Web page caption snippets
#####

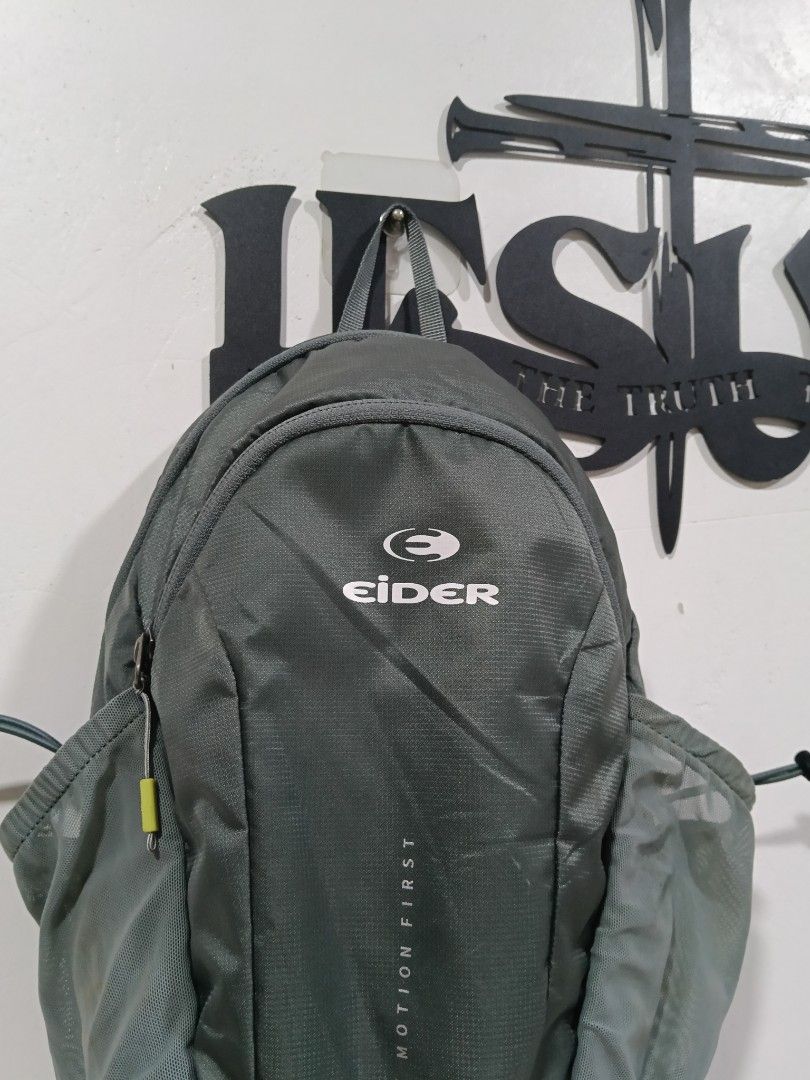 Eider Motion First Sling Backpack Gray (Category: Backpacks) located in Manila. Submitted by tristan12_13 (Listing ID 1470312789, Image 2). Description: - Brand: Eider Motion First - Color: Gray - Strap: Single padded mesh strap with adjustable buckle and D-ring clip - Back Panel: Breathable mesh with vertical YKK zippered pocket - Storage: Two side mesh pockets with adjustable bungee cord closures - Design: Large Eider logo printed on the front 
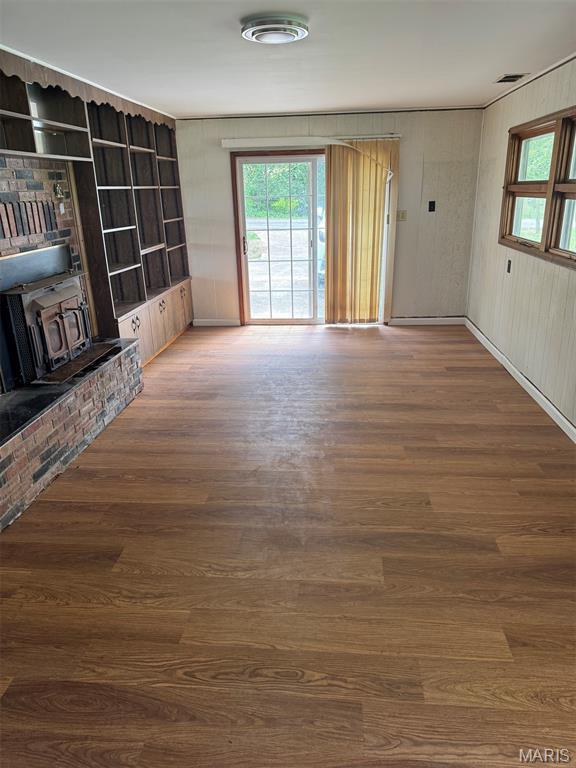 48 E N Ave, Ellsinore, MO 63937 - unfurnished living room featuring a wood stove and wood finished floors
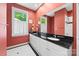 Bathroom with double sinks, black granite countertop, large mirror, and natural light at 2311 Club Rd, Charlotte, NC 28205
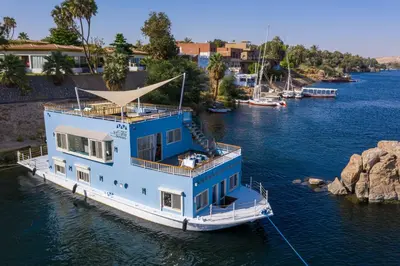a blue boat is docked in the water at Anakob in Aswan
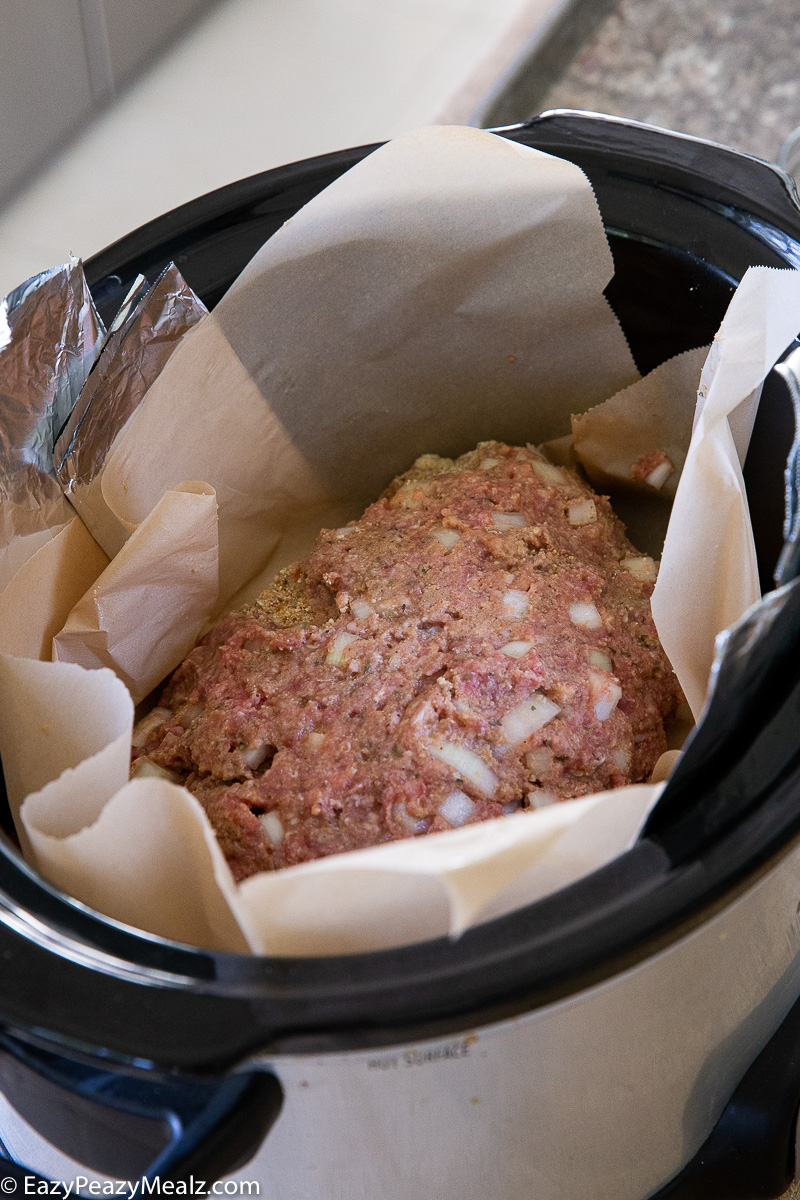 Making meatloaf in a slow cooker.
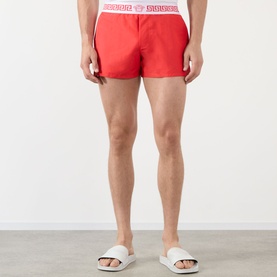 Model wearing Versace vintage red swim shorts with branded white elasticated waistband, styled with white slides.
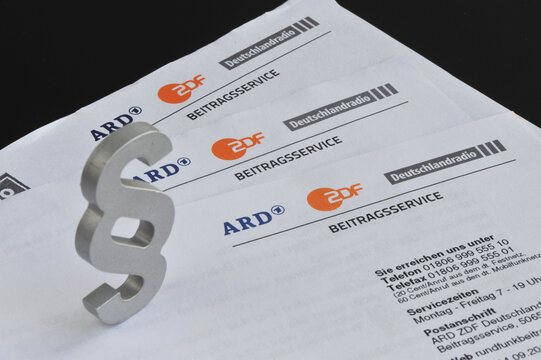 Hamburg /Germany - September 30, 2018: Paragraph sign and letters with the logo of Contribution Service of ARD, ZDF and Deutschlandradio - Germany's public broadcasting institutions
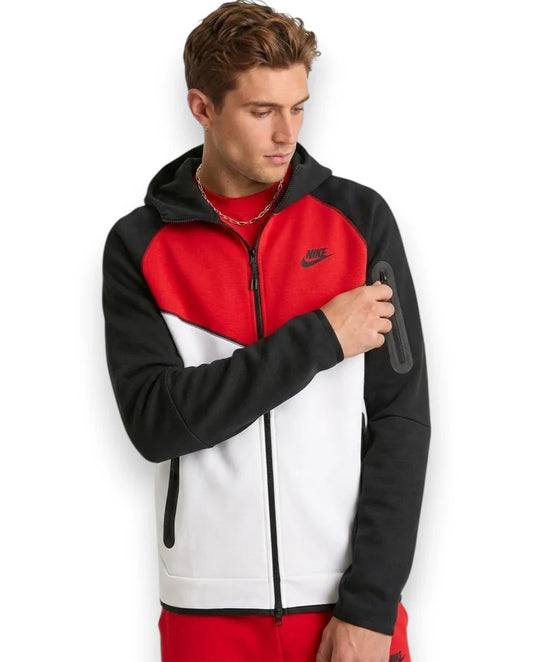Man wearing a Nike tracksuit with a red, black, and white design on a white background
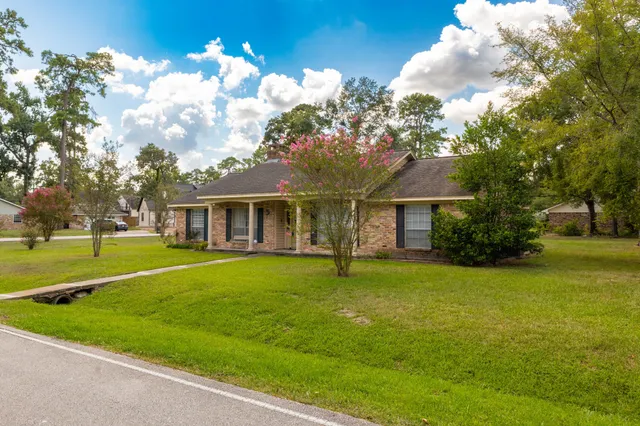 a view of a house with a yard and a garage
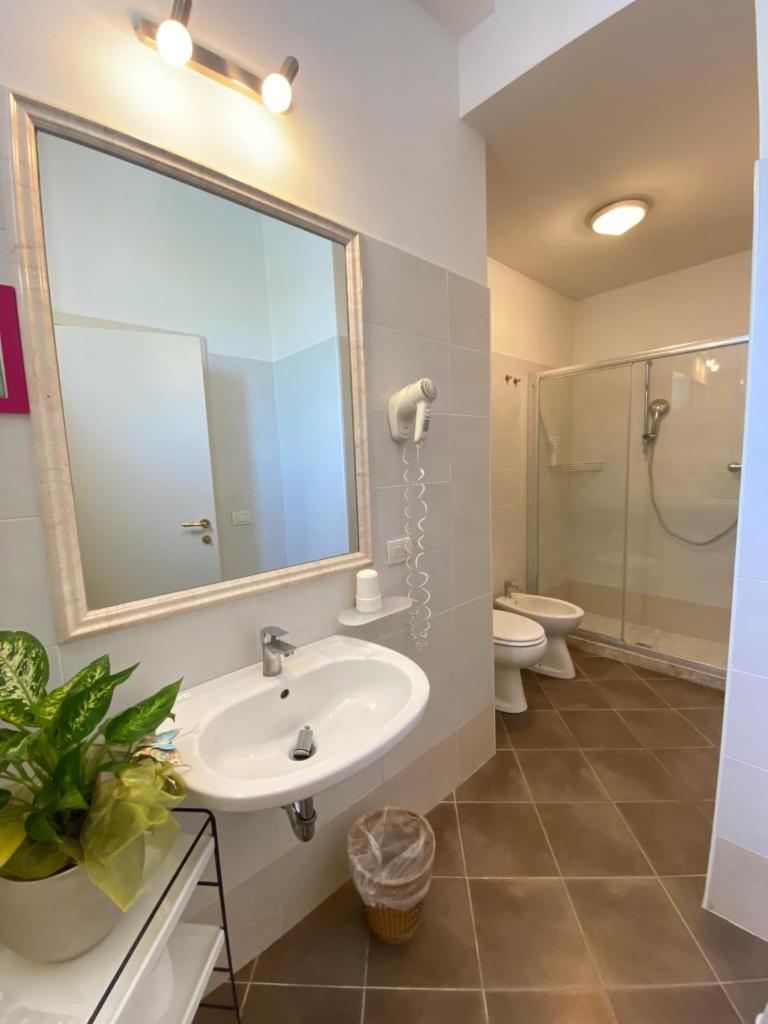 une salle de bain avec un lavabo, des toilettes et un miroir dans l'établissement Hotel Villa del Parco, à Rimini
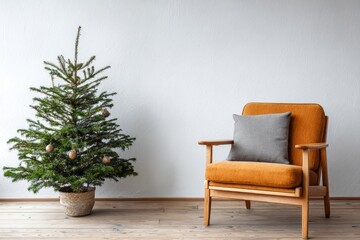Evergreen holiday tree stands beside a vintage style armchair with cushion in a minimalist room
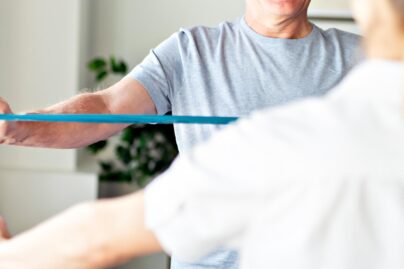 naisterapeutti ohjaa miesasiakasta tekemaan liikkeita jumppakuminauhalla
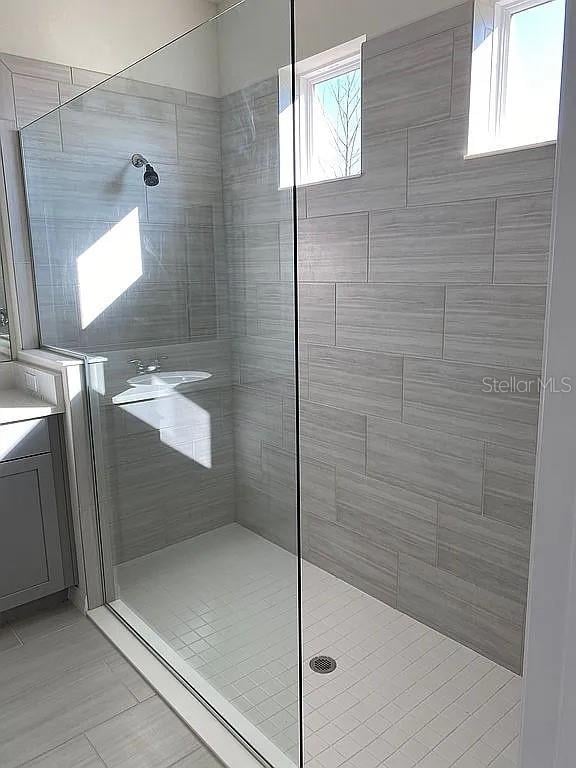 605 Big Pine Ave, Minneola, FL 34715 - bathroom featuring tiled shower and tile patterned flooring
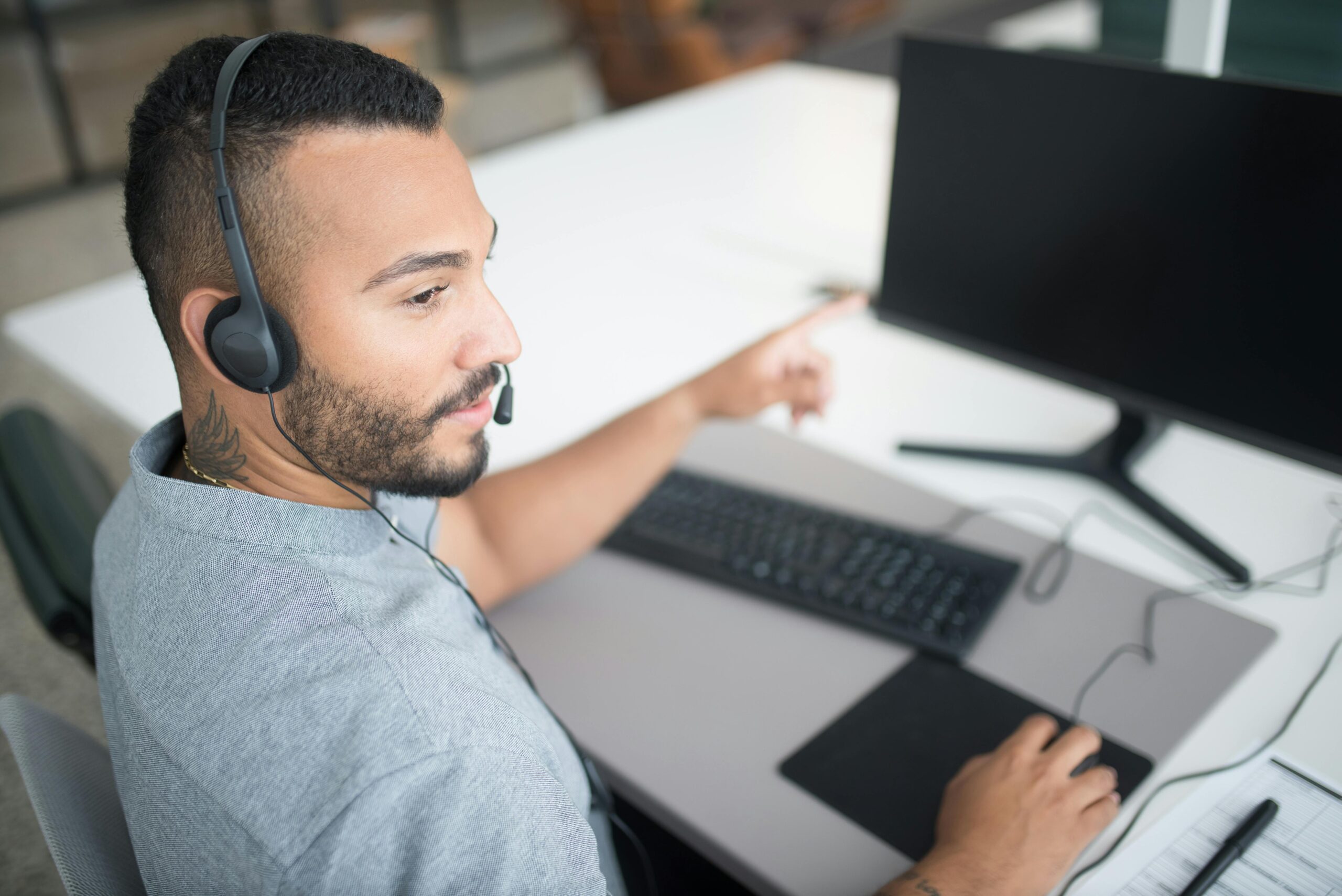 Customer service agent using a computer and headset within a modern office setting.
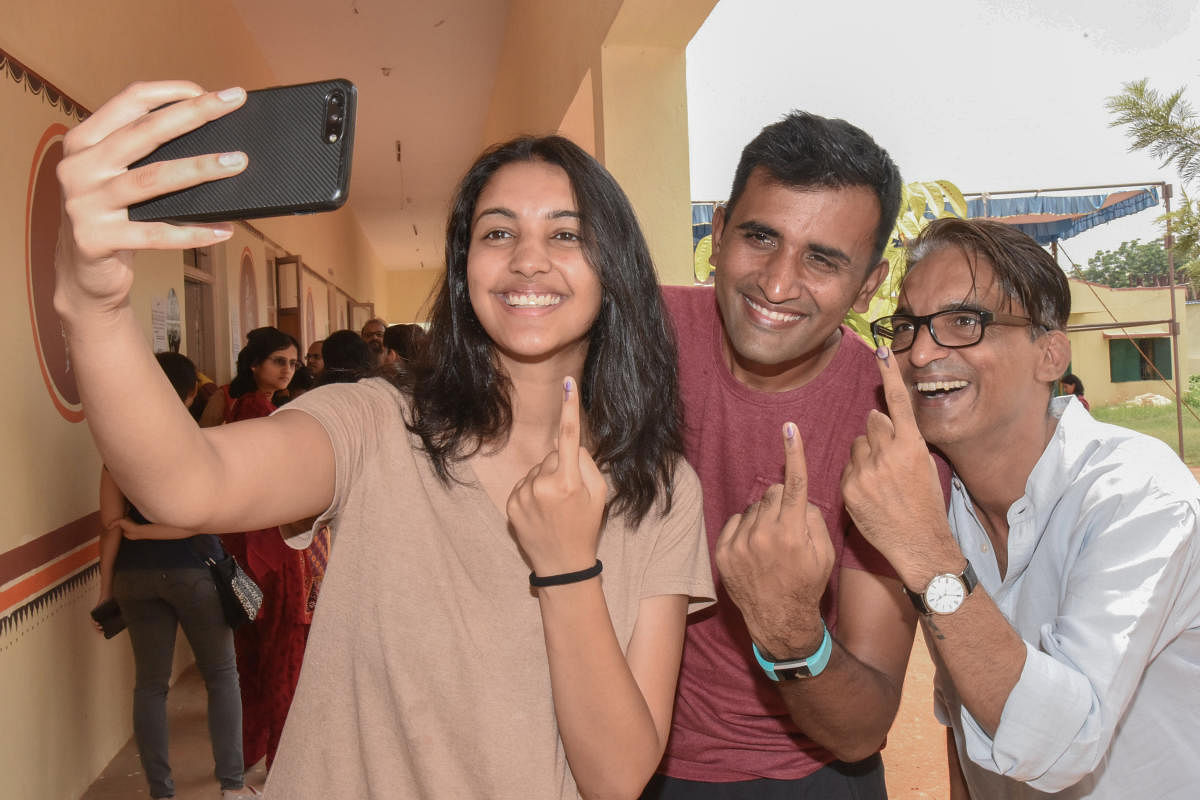 Family members taking selfie after cast vote at Mahadevapura legislative assembly constituency election at Government Higher Primary School at Hoodi in Bengaluru on Saturday. Photo by S K Dinesh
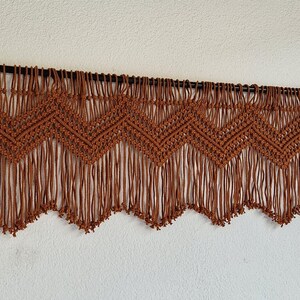 May include: A brown macrame wall hanging with a geometric pattern and fringe. The hanging is attached to a black rod.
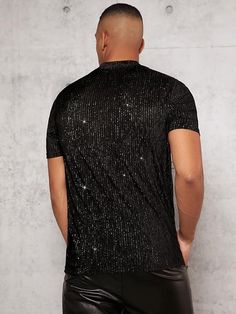 This Men's Black Mesh Crewneck Sequin Short Sleeve Shirt features lightweight mesh fabric and a shimmery sequin pattern for a unique and stylish look. The construction is breathable and comfortable, making it a great choice for warm-weather days. 100% Poly Imported Pull On closure Hand Wash Brand Size Chest Waist S 43.7 40.6 M 45.7 42.5 L 48.7 45.5 XL 51.7 48.5 XXL 54.6 51.5 Stretch Contrast Sequin Tops For Party Season, Stretch Tops With Contrast Sequin For Night Out, Black Stretch T-shirt For Party, Fitted Black T-shirt For Party, Party Crew Neck Top With Contrast Sequin, Contrast Sequin Crew Neck Top For Party, Glitter Tops For Party Season With Short Sleeves, Glitter Crew Neck Tops For Night Out, Fitted Sequined T-shirt For Party Season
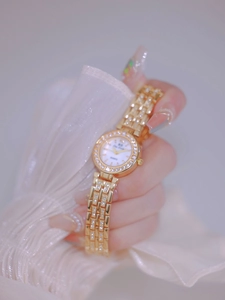 Close-up of luxury gold ladies watch with crystal encrusted bezel and white dial on wrist
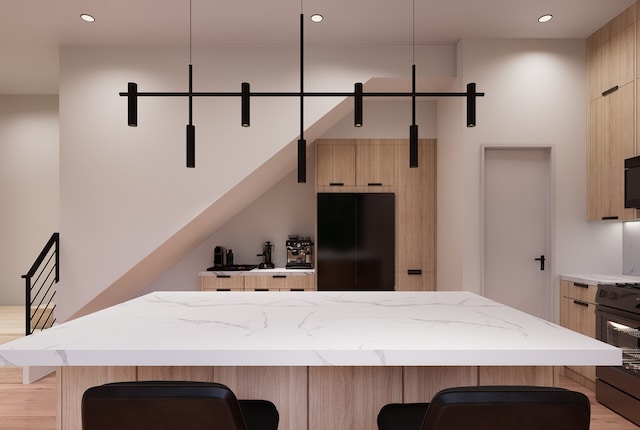 kitchen with black appliances, a kitchen island, a kitchen bar, and light wood-type flooring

#####

■ What is being asked ■
Among the entries above, copy exactly the stretch from the line holding "Making meatloaf in a slow cooker." through the line holding "May include: A", leaving out any pictures.

■ Task response ■
 Making meatloaf in a slow cooker.
 Model wearing Versace vintage red swim shorts with branded white elasticated waistband, styled with white slides.
 Hamburg /Germany - September 30, 2018: Paragraph sign and letters with the logo of Contribution Service of ARD, ZDF and Deutschlandradio - Germany's public broadcasting institutions
Man wearing a Nike tracksuit with a red, black, and white design on a white background
 a view of a house with a yard and a garage
 une salle de bain avec un lavabo, des toilettes et un miroir dans l'établissement Hotel Villa del Parco, à Rimini
Evergreen holiday tree stands beside a vintage style armchair with cushion in a minimalist room
 naisterapeutti ohjaa miesasiakasta tekemaan liikkeita jumppakuminauhalla
 605 Big Pine Ave, Minneola, FL 34715 - bathroom featuring tiled shower and tile patterned flooring
 Customer service agent using a computer and headset within a modern office setting.
 Family members taking selfie after cast vote at Mahadevapura legislative assembly constituency election at Government Higher Primary School at Hoodi in Bengaluru on Saturday. Photo by S K Dinesh
 May include: A brown macrame wall hanging with a geometric pattern and fringe. The hanging is attached to a black rod.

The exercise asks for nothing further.